## WHAT YOU HAVE TO DO:
Restate, word for word, the run of lines that starts at the line containing "Meet the 1968" and ends with the final line of the listing. Leave pictures out.

## DATA SHOWN:

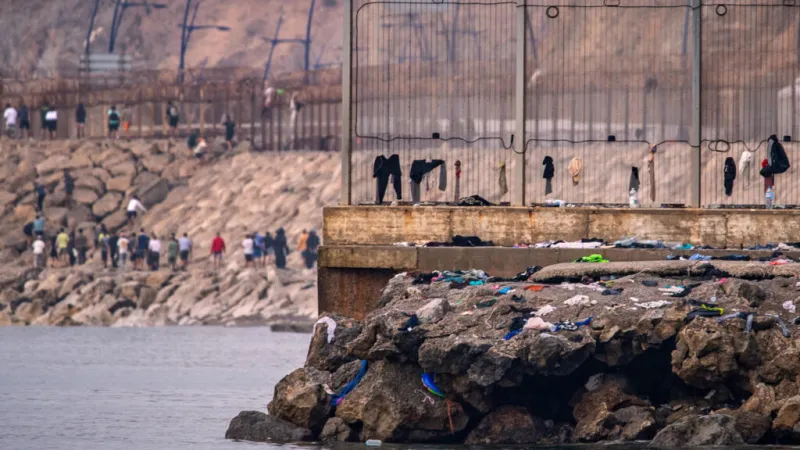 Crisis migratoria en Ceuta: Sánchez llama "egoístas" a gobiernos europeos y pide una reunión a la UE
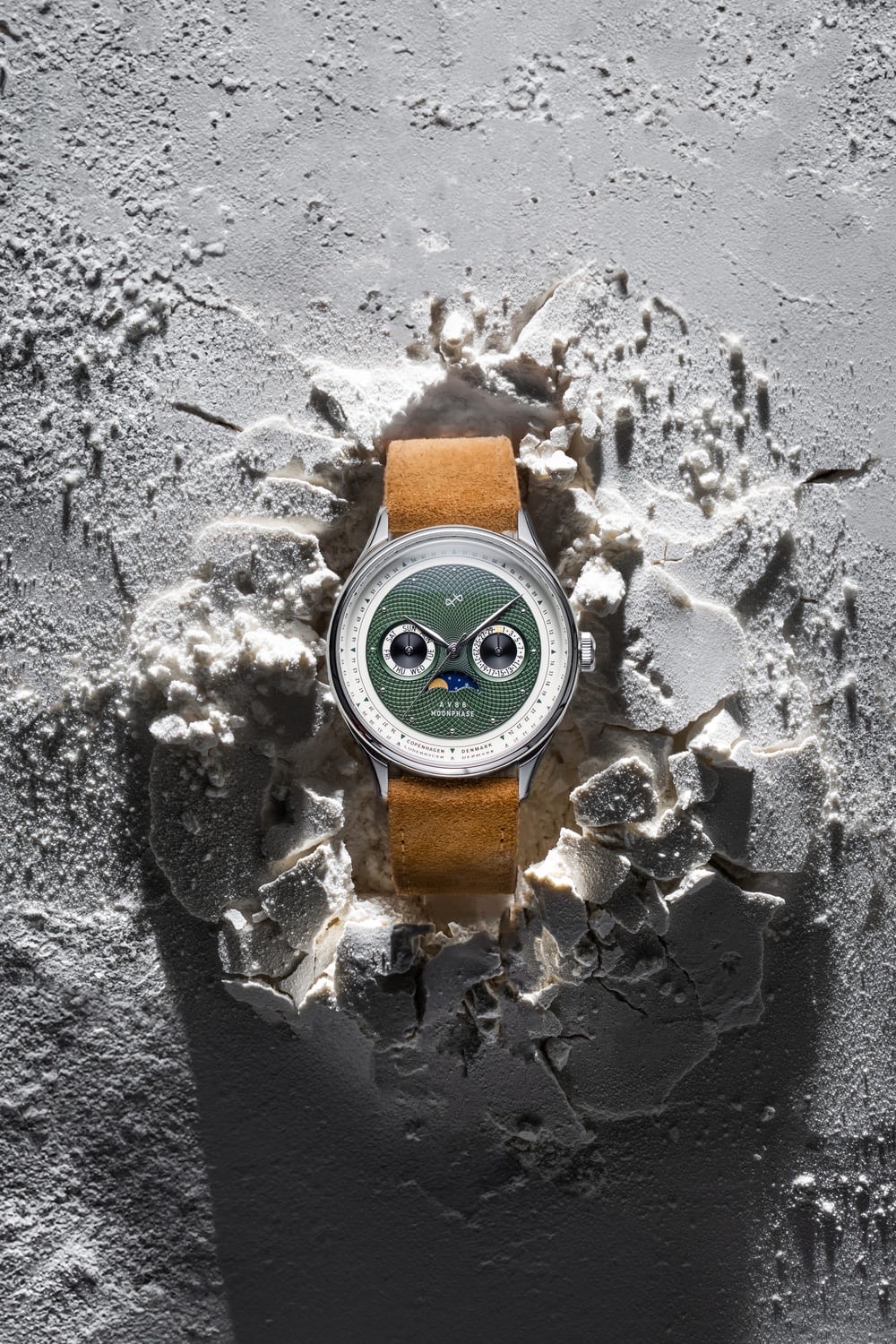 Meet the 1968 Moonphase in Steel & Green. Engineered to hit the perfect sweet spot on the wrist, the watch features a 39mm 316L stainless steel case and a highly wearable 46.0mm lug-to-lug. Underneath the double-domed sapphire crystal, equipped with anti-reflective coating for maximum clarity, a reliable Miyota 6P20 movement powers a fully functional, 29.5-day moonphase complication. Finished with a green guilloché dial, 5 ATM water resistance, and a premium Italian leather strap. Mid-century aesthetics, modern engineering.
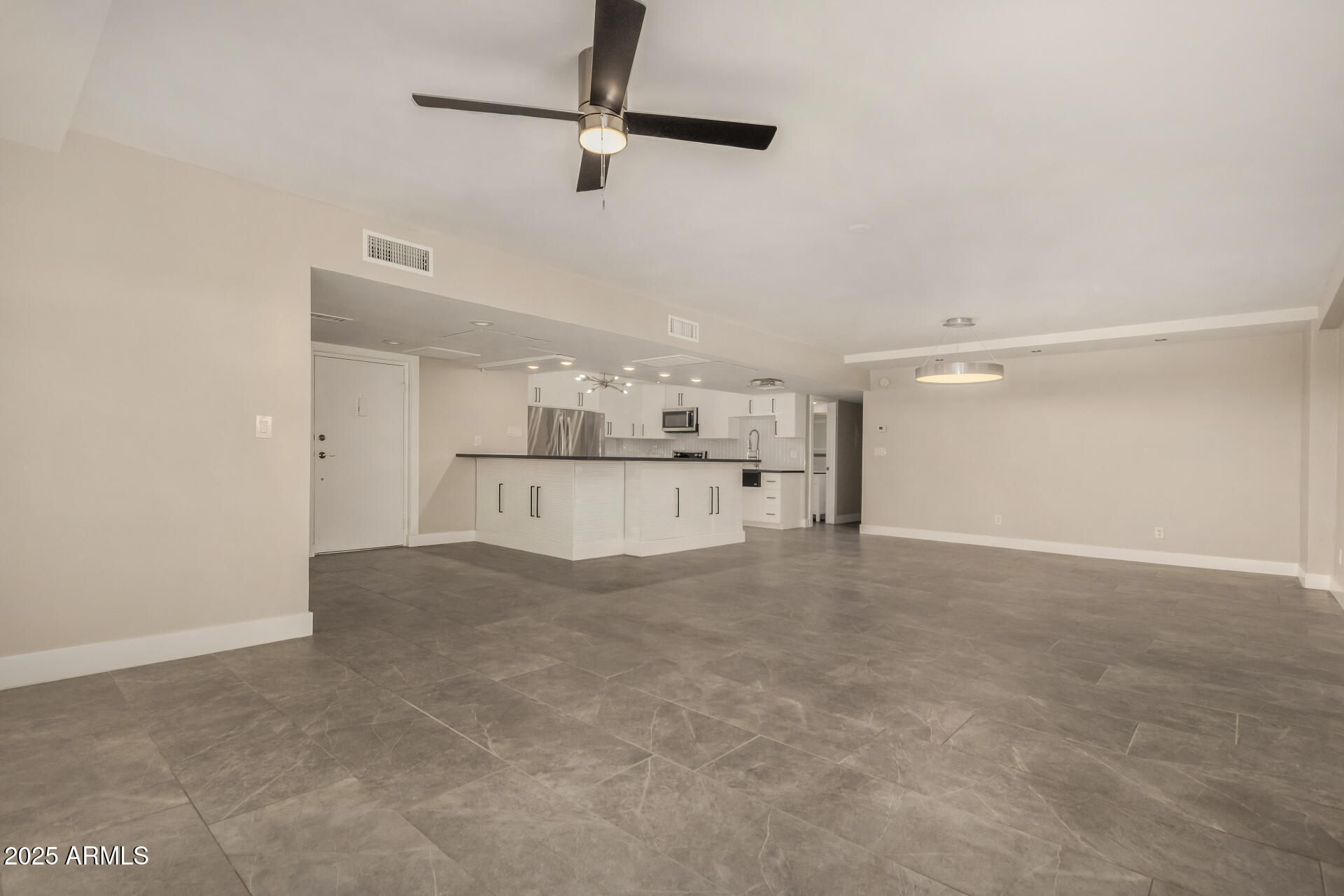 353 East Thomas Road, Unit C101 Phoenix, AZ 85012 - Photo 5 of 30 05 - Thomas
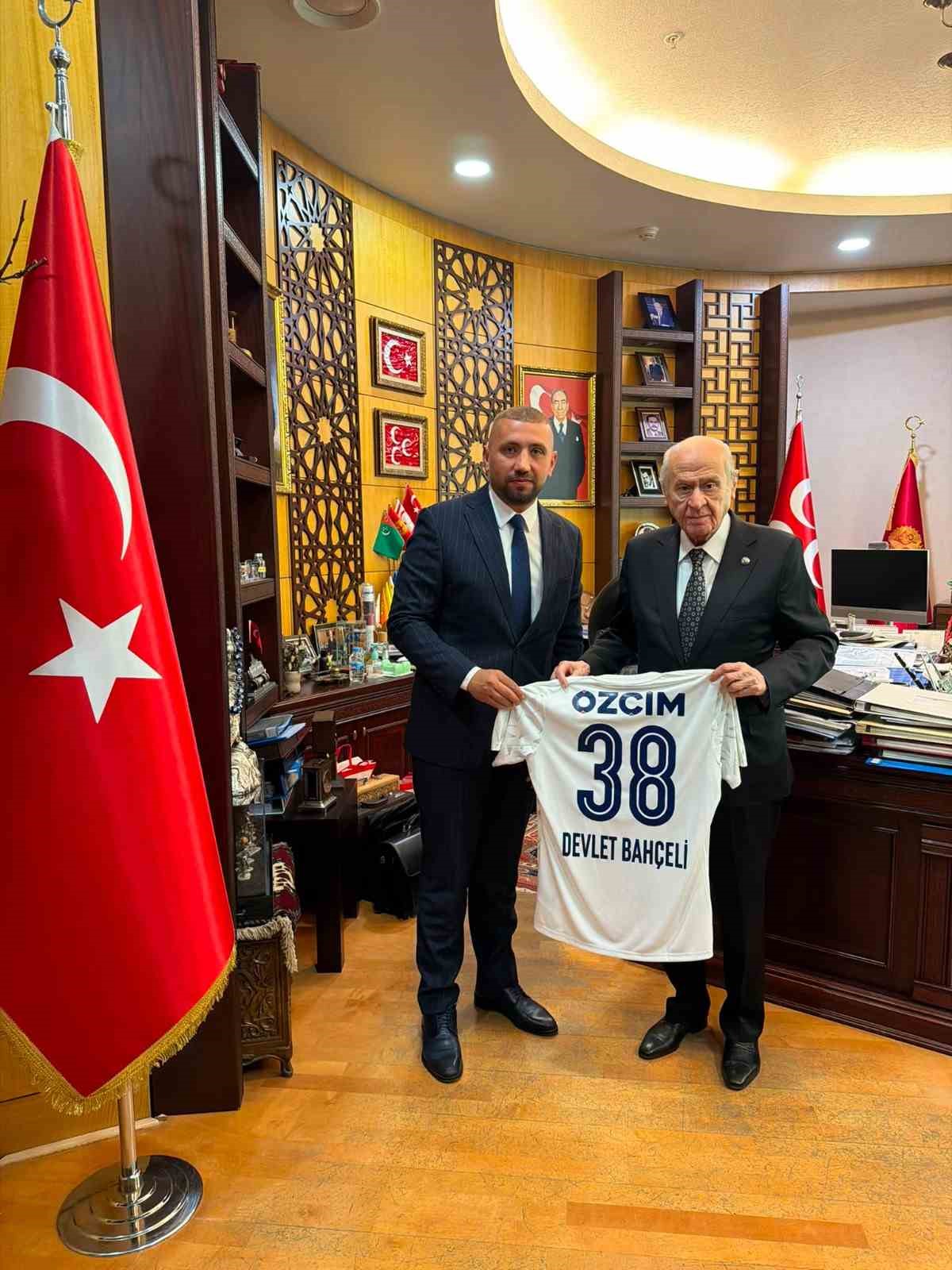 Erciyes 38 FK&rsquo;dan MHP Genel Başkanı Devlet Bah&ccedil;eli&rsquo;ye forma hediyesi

## ANSWER TO THE EXERCISE:
 Meet the 1968 Moonphase in Steel & Green. Engineered to hit the perfect sweet spot on the wrist, the watch features a 39mm 316L stainless steel case and a highly wearable 46.0mm lug-to-lug. Underneath the double-domed sapphire crystal, equipped with anti-reflective coating for maximum clarity, a reliable Miyota 6P20 movement powers a fully functional, 29.5-day moonphase complication. Finished with a green guilloché dial, 5 ATM water resistance, and a premium Italian leather strap. Mid-century aesthetics, modern engineering.
 353 East Thomas Road, Unit C101 Phoenix, AZ 85012 - Photo 5 of 30 05 - Thomas
 Erciyes 38 FK&rsquo;dan MHP Genel Başkanı Devlet Bah&ccedil;eli&rsquo;ye forma hediyesi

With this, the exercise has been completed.